## Exercise data
┄┄┄┄┄┄
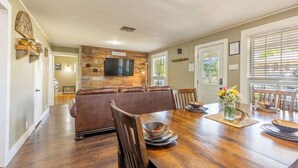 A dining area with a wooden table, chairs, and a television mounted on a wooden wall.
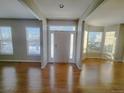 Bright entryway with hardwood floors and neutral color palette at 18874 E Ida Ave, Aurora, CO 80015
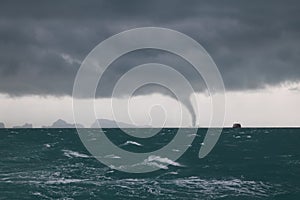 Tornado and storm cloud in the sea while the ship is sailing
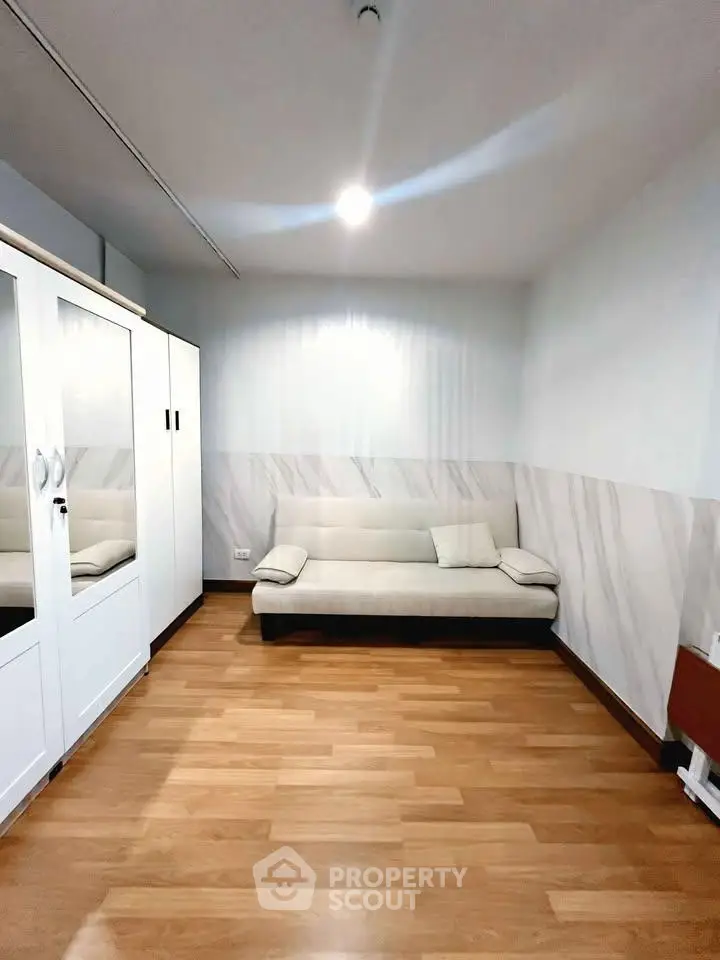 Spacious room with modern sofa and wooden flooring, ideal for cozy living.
┄┄┄┄┄┄
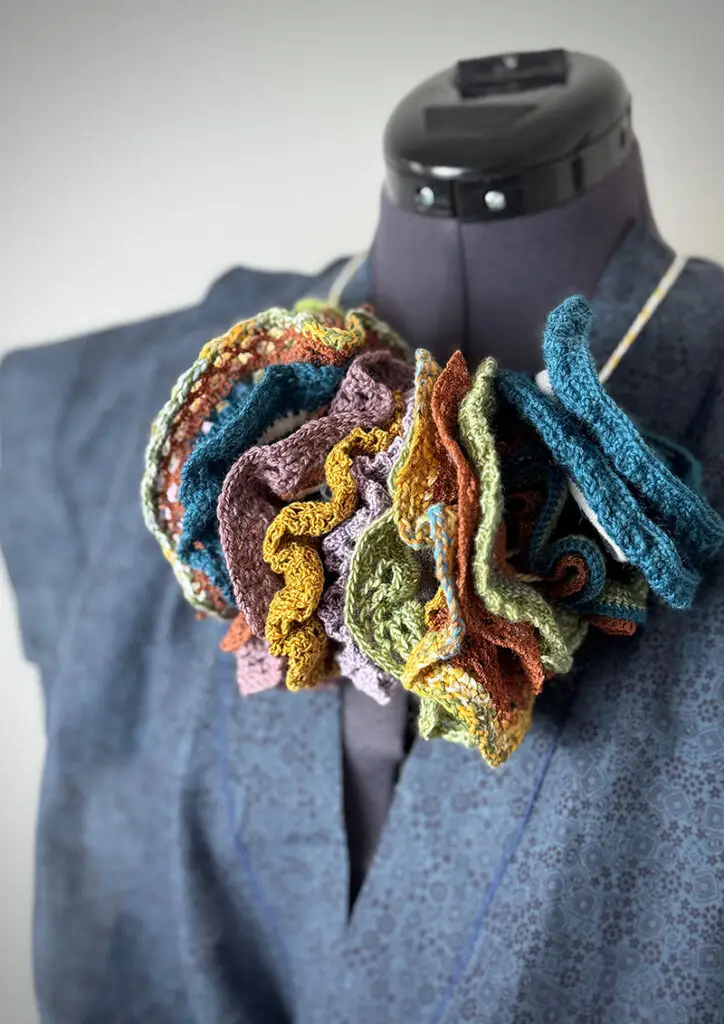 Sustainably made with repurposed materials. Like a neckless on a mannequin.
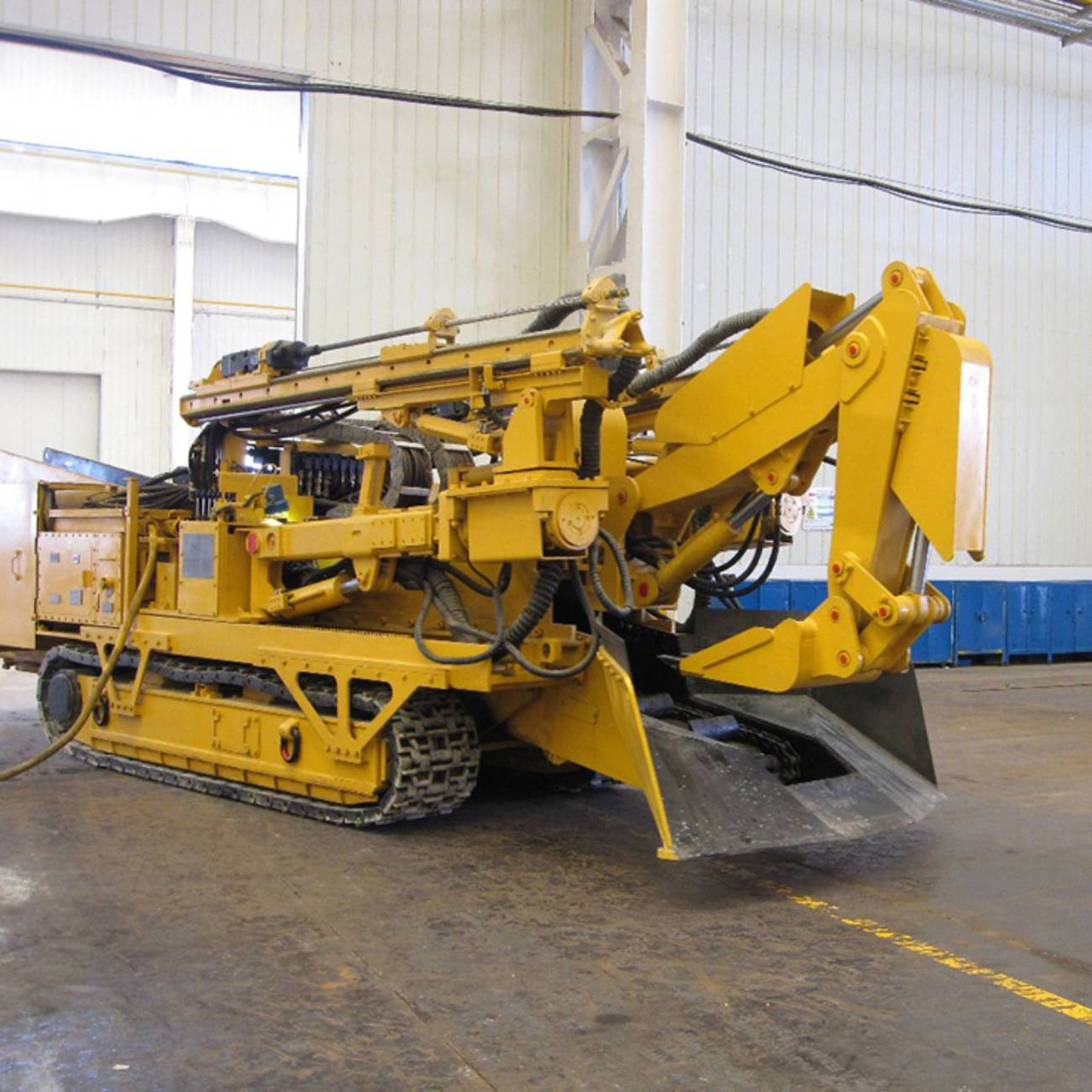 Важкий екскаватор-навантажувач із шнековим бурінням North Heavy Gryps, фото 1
┄┄┄┄┄┄
## What the exercise asks
Nothing but the lines from the one containing "A dining area" through the one containing "Spacious room with" should appear, copied exactly from the material above and without pictures.

## Expected output
 A dining area with a wooden table, chairs, and a television mounted on a wooden wall.
 Bright entryway with hardwood floors and neutral color palette at 18874 E Ida Ave, Aurora, CO 80015
 Tornado and storm cloud in the sea while the ship is sailing
 Spacious room with modern sofa and wooden flooring, ideal for cozy living.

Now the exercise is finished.